— «Да ведь в ваших словах слышу я народовольческий привкус».
— «Ну так что же? С народовольцами сила, не с марксистами же. Но простите, отвлекся я… я о чем? Да, о выслуге лет и о чтении. Так вот: оригинальность умственной моей пищи все от того же чудачества; я такой же революционный фанфарон, как любой фанфарон вояка с Георгием: старому фанфарону, рубаке, все простят».
Незнакомец задумался, налил рюмочку: выпил — налил еще.

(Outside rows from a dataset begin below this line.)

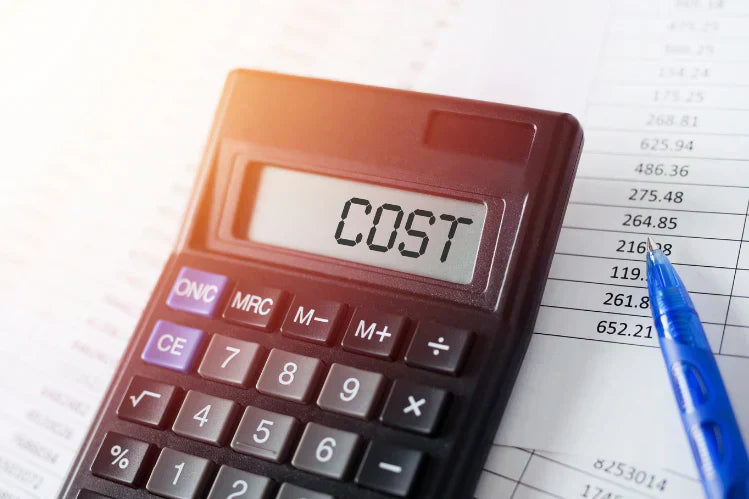 A calculator with the cost written on the screen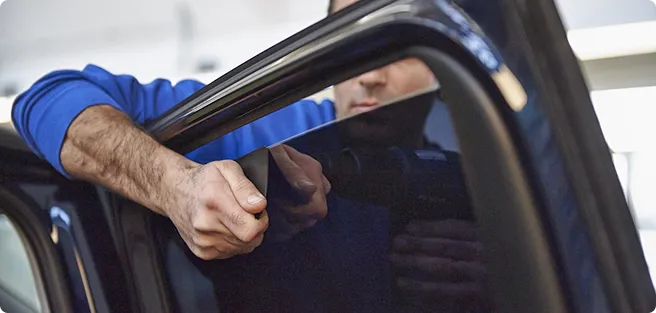 Man opening a car window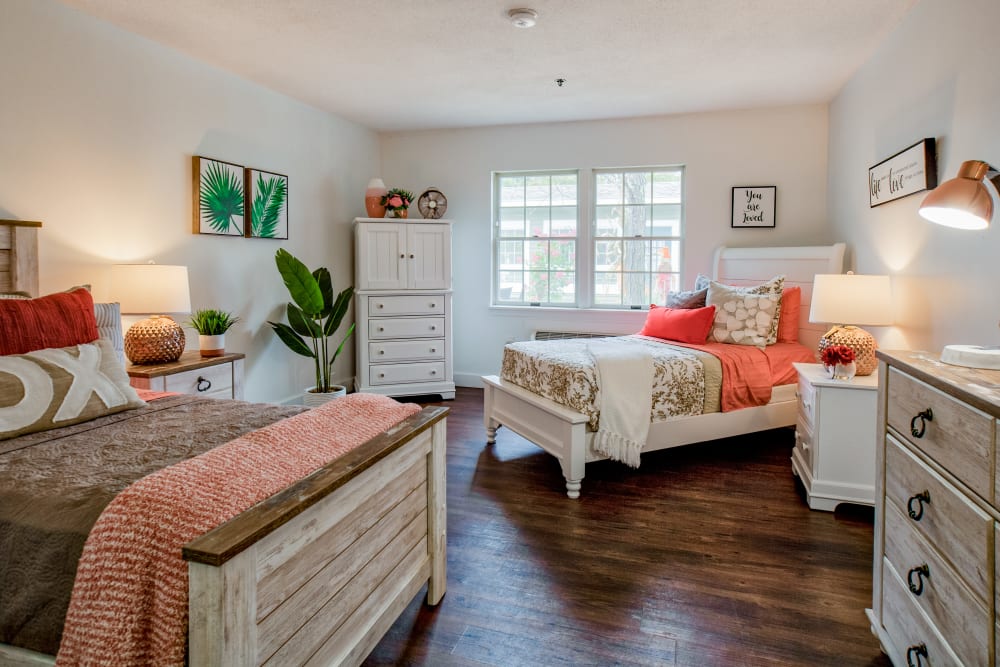 Room with two beds and a dresser in a large bedroom at Wood Haven in Tewksbury, Massachusetts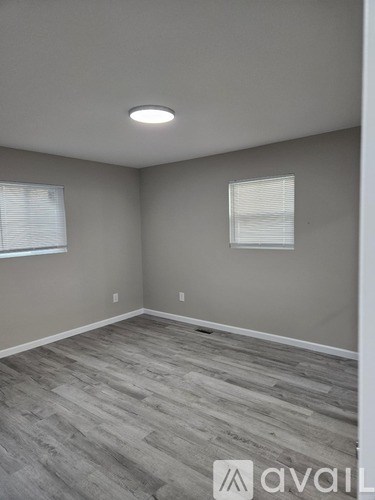 A room with a wooden floor and two windows.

— «Да и как же мне не найти своего, личного, самого по себе: я и так уж, кажется, проживаю приватно — в четырех желтых стенах; моя слава растет, общество повторяет мою партийную кличку, а круг лиц, стоящих со мною в человеческих отношениях, верьте, равен нулю; обо мне впервые узнали в то славное время, когда я засел в сорокапятиградусный мороз…»
— «Вы ведь были сосланы?»
— «Да, в Якутскую область».
Наступило неловкое молчание. Незнакомец с черными усиками из окошка посмотрел на пространство Невы; взвесилась там бледно-серая гнилость: там был край земли и там был конец бесконечностям; там, сквозь серость и гнилость уже что-то шептал ядовитый октябрь, ударяя о стекла слезами и ветром; и дождливые слезы на стеклах догоняли друг друга, чтобы виться в ручьи и чертить крючковатые знаки слов; в трубах слышалась сладкая пискотня ветра, а сеть черных труб, издалека-далека, посылала под небо свой дым. И дым падал хвостами над темно-цветными водами. Незнакомец с черными усиками прикоснулся губами к рюмочке, посмотрел на желтую влагу: его руки дрожали.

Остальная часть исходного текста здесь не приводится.